Ski resort in New Mexico, United States

Angel Fire Resort is an alpine ski resort in Angel Fire, New Mexico, United States. The resort opened in 1966 and offers both winter and summer activities.

== History ==
The resort was originally used for cattle grazing. In 1966, the LeBus family converted it into a resort.

Angel Fire is a village in Colfax County, New Mexico, United States. The population was 1,216 at the 2010 census. It is a popular ski resort destination, with over 500 acre of slopes. Angel Fire and nearby communities experience cold winter temperatures and mild temperatures in the summer.

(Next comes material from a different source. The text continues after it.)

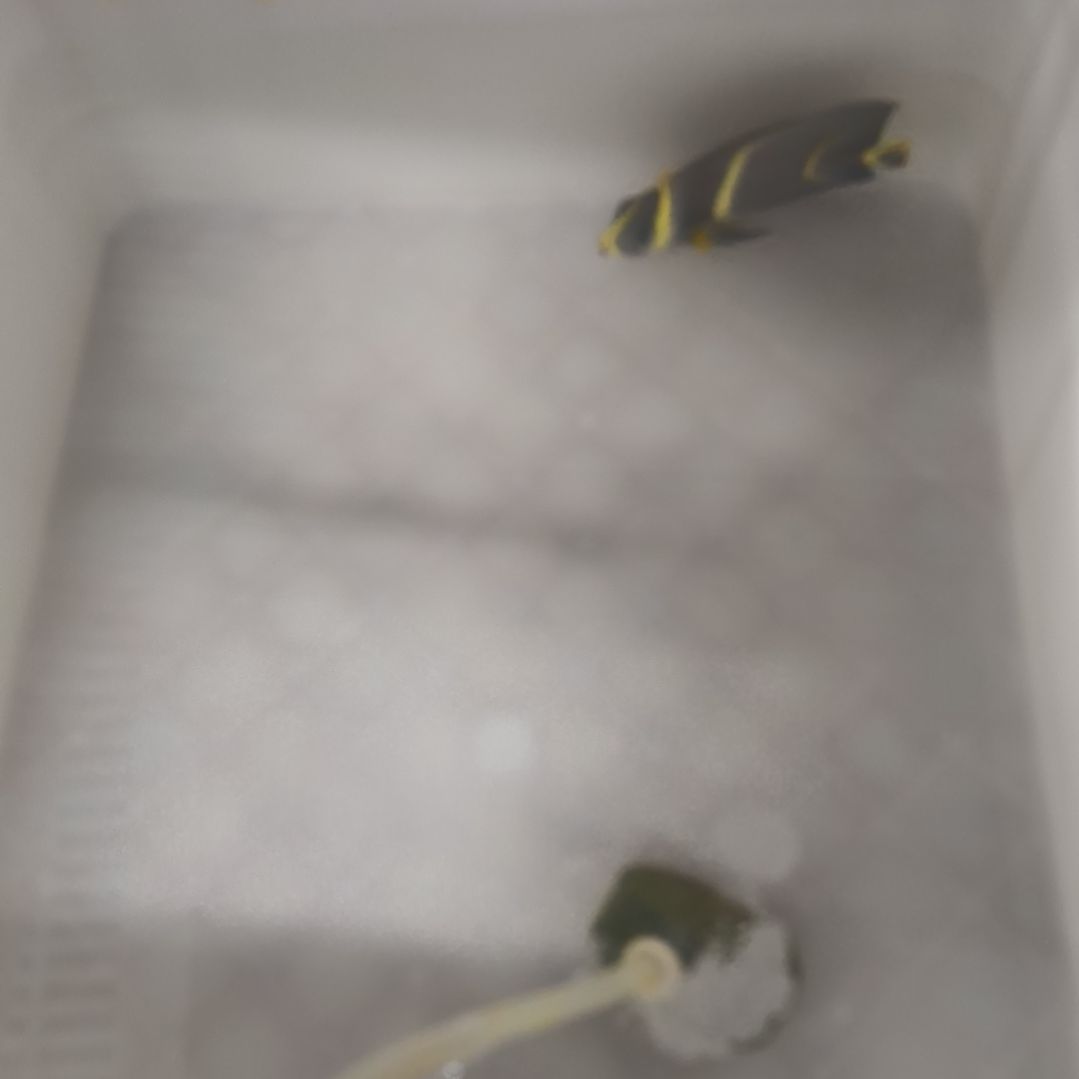 寅***海水鱼超级无敌小灰仙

To the north, off U.S. Route 64, is the Vietnam Veterans Memorial, begun by the family of fallen United States Marine David Westphall, who was killed in the Vietnam War on May 22, 1968. Angel Fire is on the Enchanted Circle Scenic Byway.

In 1984 the resort was bought by Dan R. Lasater for $19 million, who owned it through 1987. Lasater, a friend of Bill Clinton, was subsequently a minor figure in the Whitewater controversy. This led to an inquiry into Angel Fire's finances by investigators working for special counsel Robert B. Fiske and both the House banking committee and the Senate banking committee.

In 1994 Angel Fire Resort filed for bankruptcy and by 1995 a plan was being assembled to sell it to a group of Texan businessmen for $12 million. The sale was completed in November 1995.

== Amenities and activities ==
It has a golf course and over 70 runs, one of which was, in the 1990s, the "second-biggest lift-serviced vertical drop" in New Mexico, at 2050 feet. Mountain biking has also become a prominent draw, and the resort has hosted multiple events. A majority of the resort's customers are Texan, explaining the annual "Big Ol' Texas Weekend," a celebration of Texan culture.